##### Raw data

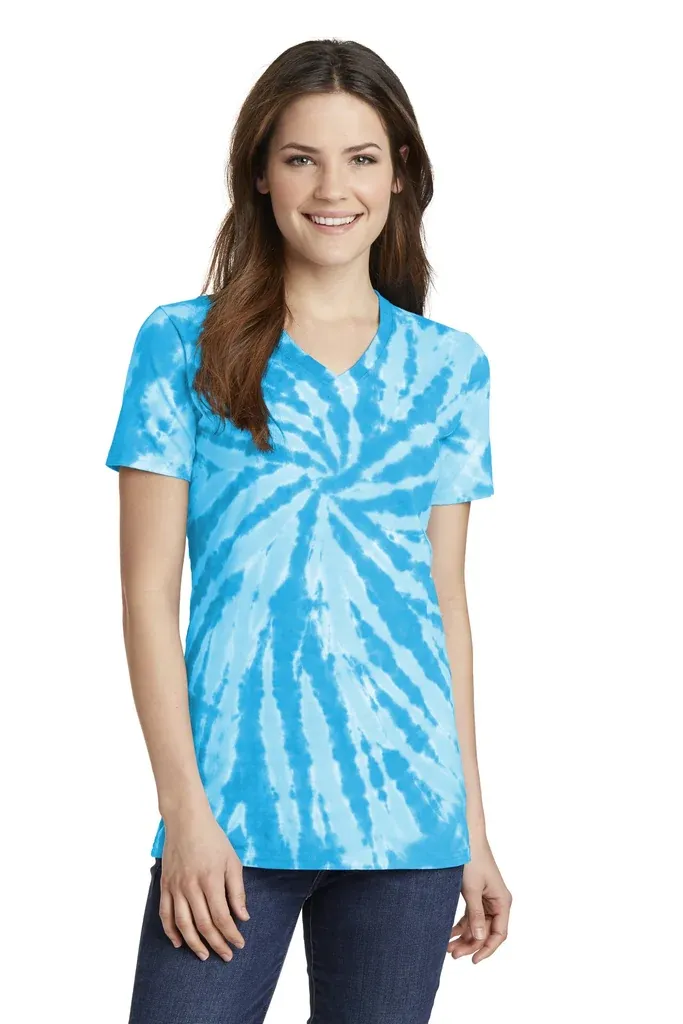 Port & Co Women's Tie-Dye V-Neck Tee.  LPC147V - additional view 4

##########
##### Raw data

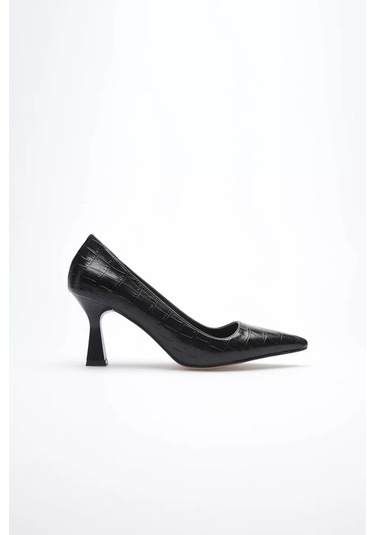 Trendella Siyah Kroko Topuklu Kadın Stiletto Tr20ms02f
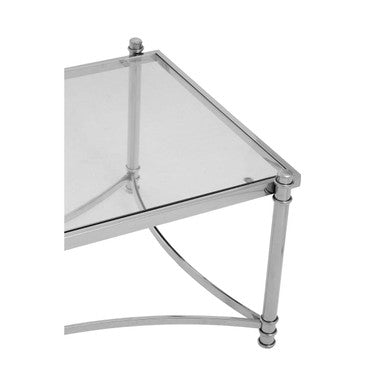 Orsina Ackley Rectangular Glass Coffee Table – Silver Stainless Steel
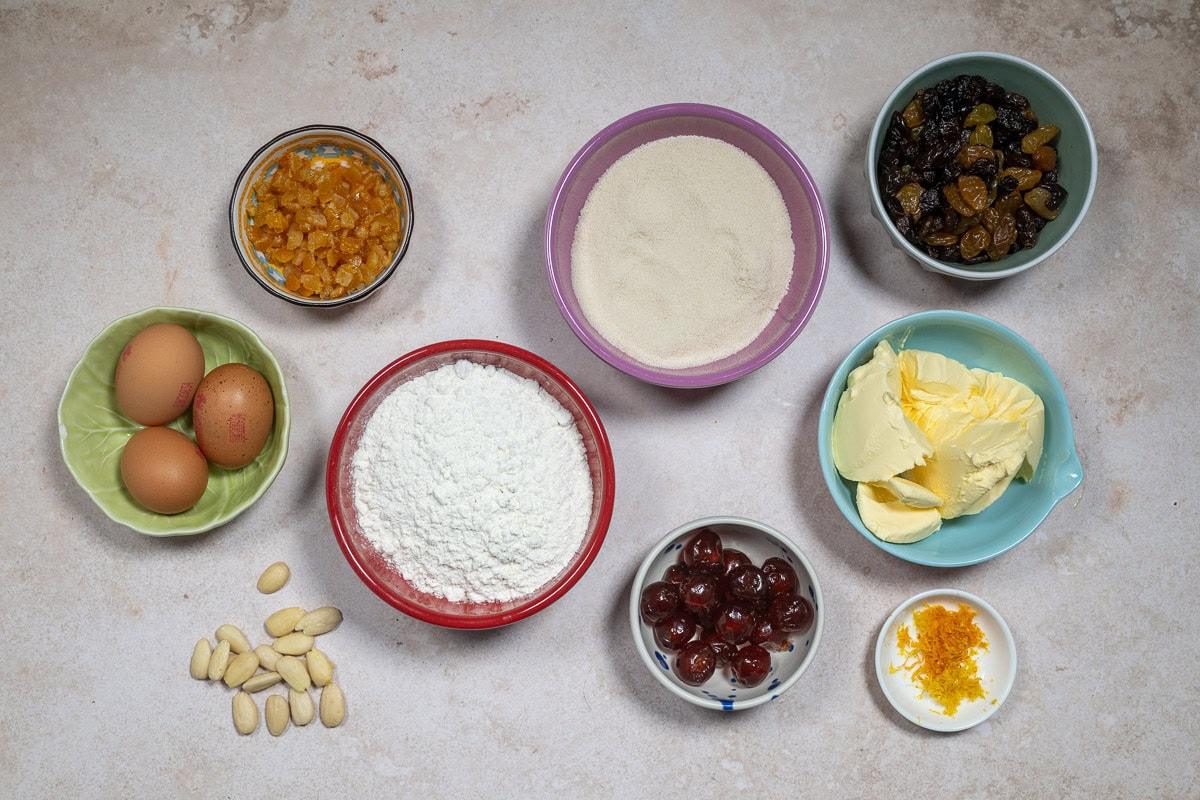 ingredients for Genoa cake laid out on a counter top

##########

- _Directions for this task_
What to print is the stretch of entries from the line with "Orsina Ackley Rectangular" up to and including the line with "ingredients for Genoa". Please print it exactly and leave out the pictures.

- _Result_
 Orsina Ackley Rectangular Glass Coffee Table – Silver Stainless Steel
 ingredients for Genoa cake laid out on a counter top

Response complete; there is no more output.